Artists and dance troops from 23 nations have come to the central city on the Perfume River that prides itself on being Vietnam's cultural capital for the nine-day event that has been held here every two years since 2000.

The moated Citadel, modelled on Beijing's Forbidden City and the former seat of the Nguyen Dynasty emperors, saw heavy fighting during the Vietnam war's 1968 Tet Offensive, leaving many of its palaces, temples and gardens in ruins.

But Tuesday the arched roofs of its South Gate -- restored as part of the city's UNESCO World Heritage-listed complex -- served as a backdrop to a televised extravaganza that featured more benign explosions in the night sky.

"I tried to make a very poetic and elegant fireworks," said Hue Festival pyrotechnics designer Pierre-Alain Hubert, who choreographed Vietnamese women travelling in cyclos and waving lotus flowers alight with flames.
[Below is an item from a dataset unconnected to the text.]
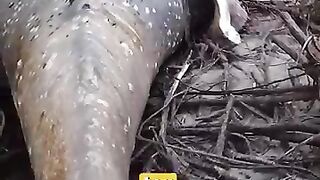 Whale in the Amazon? The Bizarre 2019 Discovery!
Traditional dancers and singers from the host nation performed alongside groups from former colonial power France, the main foreign sponsor of the festival, as well as nations including China, Japan, South Korea and Belgium.

Vietnamese royalty was taboo and regarded as feudal after Vietnam's communist victory and national reunification in 1975, but the country has now embraced its ancient history as part of its heritage and as a tourist drawcard.

"The most important part of the festival is that it closes the gap between the royal heritage and the people," said Huynh Thi Anh Van, a heritage expert with the Hue Monuments Conservation Centre.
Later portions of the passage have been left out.